### WHAT THE TASK ASKS
Please repeat each of the records that follow, exactly as written.

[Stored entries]
======

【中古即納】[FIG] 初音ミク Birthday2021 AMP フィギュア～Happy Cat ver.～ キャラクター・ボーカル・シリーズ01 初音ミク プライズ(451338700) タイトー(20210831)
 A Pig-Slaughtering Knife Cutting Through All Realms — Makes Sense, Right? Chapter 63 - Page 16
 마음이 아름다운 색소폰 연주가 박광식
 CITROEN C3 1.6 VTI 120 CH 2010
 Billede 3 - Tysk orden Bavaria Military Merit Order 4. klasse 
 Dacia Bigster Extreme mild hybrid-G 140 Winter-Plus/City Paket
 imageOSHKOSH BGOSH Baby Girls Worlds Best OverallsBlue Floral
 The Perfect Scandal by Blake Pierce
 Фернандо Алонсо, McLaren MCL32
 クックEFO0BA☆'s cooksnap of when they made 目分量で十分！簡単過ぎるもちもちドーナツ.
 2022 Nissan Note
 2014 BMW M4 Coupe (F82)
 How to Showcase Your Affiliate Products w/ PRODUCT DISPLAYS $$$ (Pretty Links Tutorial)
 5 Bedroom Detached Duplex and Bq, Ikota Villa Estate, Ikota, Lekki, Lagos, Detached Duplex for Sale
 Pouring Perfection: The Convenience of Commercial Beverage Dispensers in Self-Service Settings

======

### RESULT BELOW
【中古即納】[FIG] 初音ミク Birthday2021 AMP フィギュア～Happy Cat ver.～ キャラクター・ボーカル・シリーズ01 初音ミク プライズ(451338700) タイトー(20210831)
 A Pig-Slaughtering Knife Cutting Through All Realms — Makes Sense, Right? Chapter 63 - Page 16
 마음이 아름다운 색소폰 연주가 박광식
 CITROEN C3 1.6 VTI 120 CH 2010
 Billede 3 - Tysk orden Bavaria Military Merit Order 4. klasse 
 Dacia Bigster Extreme mild hybrid-G 140 Winter-Plus/City Paket
 imageOSHKOSH BGOSH Baby Girls Worlds Best OverallsBlue Floral
 The Perfect Scandal by Blake Pierce
 Фернандо Алонсо, McLaren MCL32
 クックEFO0BA☆'s cooksnap of when they made 目分量で十分！簡単過ぎるもちもちドーナツ.
 2022 Nissan Note
 2014 BMW M4 Coupe (F82)
 How to Showcase Your Affiliate Products w/ PRODUCT DISPLAYS $$$ (Pretty Links Tutorial)
 5 Bedroom Detached Duplex and Bq, Ikota Villa Estate, Ikota, Lekki, Lagos, Detached Duplex for Sale
 Pouring Perfection: The Convenience of Commercial Beverage Dispensers in Self-Service Settings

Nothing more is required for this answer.